• _What to do_: Start the output with the opening line of the listing below and continue, reproducing each line exactly, up to and including the line that contains "Ojai Medallion Stripe".
== Working data
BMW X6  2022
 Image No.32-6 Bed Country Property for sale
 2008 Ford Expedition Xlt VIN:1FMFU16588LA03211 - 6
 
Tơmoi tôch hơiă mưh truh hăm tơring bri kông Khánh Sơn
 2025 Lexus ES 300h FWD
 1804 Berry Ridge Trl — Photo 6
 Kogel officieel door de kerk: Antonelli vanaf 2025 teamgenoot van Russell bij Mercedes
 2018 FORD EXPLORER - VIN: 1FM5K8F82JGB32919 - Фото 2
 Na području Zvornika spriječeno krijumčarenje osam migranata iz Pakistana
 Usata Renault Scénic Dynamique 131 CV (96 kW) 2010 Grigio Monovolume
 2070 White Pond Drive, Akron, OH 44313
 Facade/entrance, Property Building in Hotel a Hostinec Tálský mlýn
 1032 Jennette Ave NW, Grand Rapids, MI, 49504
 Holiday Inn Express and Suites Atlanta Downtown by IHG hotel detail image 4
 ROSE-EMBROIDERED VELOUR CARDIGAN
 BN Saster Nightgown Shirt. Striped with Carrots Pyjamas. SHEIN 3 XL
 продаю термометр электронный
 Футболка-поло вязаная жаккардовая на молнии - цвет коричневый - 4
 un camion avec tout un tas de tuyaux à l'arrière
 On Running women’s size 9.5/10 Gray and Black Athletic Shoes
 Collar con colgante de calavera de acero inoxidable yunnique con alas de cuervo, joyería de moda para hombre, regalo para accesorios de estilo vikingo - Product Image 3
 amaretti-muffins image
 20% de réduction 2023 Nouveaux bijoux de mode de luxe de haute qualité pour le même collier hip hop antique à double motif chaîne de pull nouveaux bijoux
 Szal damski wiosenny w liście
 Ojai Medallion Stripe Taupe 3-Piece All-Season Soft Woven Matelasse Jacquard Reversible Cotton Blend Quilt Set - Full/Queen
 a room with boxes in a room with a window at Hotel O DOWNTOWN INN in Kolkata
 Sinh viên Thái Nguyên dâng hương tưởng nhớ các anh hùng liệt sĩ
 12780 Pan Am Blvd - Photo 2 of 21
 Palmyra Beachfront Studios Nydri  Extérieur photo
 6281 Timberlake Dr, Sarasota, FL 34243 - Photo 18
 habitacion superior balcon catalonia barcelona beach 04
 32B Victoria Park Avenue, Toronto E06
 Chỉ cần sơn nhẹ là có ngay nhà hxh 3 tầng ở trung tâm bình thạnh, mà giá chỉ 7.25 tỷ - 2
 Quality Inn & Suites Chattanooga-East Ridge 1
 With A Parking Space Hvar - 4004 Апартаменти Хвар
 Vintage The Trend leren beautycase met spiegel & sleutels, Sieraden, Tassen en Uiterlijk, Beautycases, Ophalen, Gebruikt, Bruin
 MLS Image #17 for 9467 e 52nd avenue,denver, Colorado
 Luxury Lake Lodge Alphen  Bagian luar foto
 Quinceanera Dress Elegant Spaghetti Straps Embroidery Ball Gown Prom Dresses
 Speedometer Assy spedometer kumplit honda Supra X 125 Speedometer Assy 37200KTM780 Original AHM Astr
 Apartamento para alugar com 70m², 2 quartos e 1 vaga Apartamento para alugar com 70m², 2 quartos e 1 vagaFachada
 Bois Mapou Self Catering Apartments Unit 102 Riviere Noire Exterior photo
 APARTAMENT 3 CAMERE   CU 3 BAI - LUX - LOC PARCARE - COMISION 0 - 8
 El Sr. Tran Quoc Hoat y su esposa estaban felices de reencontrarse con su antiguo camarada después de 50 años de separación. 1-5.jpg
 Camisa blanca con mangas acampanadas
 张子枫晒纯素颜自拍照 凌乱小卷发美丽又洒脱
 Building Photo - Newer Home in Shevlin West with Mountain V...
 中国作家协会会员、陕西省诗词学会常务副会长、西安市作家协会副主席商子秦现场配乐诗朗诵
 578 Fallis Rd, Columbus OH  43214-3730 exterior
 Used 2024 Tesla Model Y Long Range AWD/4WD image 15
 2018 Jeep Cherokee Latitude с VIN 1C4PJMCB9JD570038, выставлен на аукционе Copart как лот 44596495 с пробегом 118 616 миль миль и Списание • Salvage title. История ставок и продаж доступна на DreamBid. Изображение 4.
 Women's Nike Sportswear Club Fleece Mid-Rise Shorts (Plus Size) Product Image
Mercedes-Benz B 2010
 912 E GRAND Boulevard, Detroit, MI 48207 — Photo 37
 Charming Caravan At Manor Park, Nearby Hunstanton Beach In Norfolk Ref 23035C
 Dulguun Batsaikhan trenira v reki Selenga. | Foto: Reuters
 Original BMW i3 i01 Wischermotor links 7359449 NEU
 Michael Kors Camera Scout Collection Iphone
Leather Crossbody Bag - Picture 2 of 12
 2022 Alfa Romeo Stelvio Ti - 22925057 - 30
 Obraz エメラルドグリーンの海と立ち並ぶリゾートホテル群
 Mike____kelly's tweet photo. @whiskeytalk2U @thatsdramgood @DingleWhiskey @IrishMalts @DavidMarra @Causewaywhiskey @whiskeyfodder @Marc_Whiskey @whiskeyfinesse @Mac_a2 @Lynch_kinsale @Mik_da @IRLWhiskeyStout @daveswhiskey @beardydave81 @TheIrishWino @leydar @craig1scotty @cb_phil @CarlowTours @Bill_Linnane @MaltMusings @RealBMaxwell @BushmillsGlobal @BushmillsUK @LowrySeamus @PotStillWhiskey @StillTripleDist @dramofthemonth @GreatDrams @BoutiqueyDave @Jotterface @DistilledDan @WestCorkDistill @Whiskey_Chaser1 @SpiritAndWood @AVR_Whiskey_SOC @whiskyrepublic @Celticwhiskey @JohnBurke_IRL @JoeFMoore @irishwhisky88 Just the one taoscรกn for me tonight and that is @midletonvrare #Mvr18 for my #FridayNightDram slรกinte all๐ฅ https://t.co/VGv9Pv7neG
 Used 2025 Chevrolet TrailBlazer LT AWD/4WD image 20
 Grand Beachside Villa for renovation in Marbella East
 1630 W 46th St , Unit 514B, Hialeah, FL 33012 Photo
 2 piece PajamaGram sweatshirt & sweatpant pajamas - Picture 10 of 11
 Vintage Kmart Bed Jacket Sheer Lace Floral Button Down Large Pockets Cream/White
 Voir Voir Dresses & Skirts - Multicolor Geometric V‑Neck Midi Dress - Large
====
• _Answer for this exercise_:
BMW X6  2022
 Image No.32-6 Bed Country Property for sale
 2008 Ford Expedition Xlt VIN:1FMFU16588LA03211 - 6
 
Tơmoi tôch hơiă mưh truh hăm tơring bri kông Khánh Sơn
 2025 Lexus ES 300h FWD
 1804 Berry Ridge Trl — Photo 6
 Kogel officieel door de kerk: Antonelli vanaf 2025 teamgenoot van Russell bij Mercedes
 2018 FORD EXPLORER - VIN: 1FM5K8F82JGB32919 - Фото 2
 Na području Zvornika spriječeno krijumčarenje osam migranata iz Pakistana
 Usata Renault Scénic Dynamique 131 CV (96 kW) 2010 Grigio Monovolume
 2070 White Pond Drive, Akron, OH 44313
 Facade/entrance, Property Building in Hotel a Hostinec Tálský mlýn
 1032 Jennette Ave NW, Grand Rapids, MI, 49504
 Holiday Inn Express and Suites Atlanta Downtown by IHG hotel detail image 4
 ROSE-EMBROIDERED VELOUR CARDIGAN
 BN Saster Nightgown Shirt. Striped with Carrots Pyjamas. SHEIN 3 XL
 продаю термометр электронный
 Футболка-поло вязаная жаккардовая на молнии - цвет коричневый - 4
 un camion avec tout un tas de tuyaux à l'arrière
 On Running women’s size 9.5/10 Gray and Black Athletic Shoes
 Collar con colgante de calavera de acero inoxidable yunnique con alas de cuervo, joyería de moda para hombre, regalo para accesorios de estilo vikingo - Product Image 3
 amaretti-muffins image
 20% de réduction 2023 Nouveaux bijoux de mode de luxe de haute qualité pour le même collier hip hop antique à double motif chaîne de pull nouveaux bijoux
 Szal damski wiosenny w liście
 Ojai Medallion Stripe Taupe 3-Piece All-Season Soft Woven Matelasse Jacquard Reversible Cotton Blend Quilt Set - Full/Queen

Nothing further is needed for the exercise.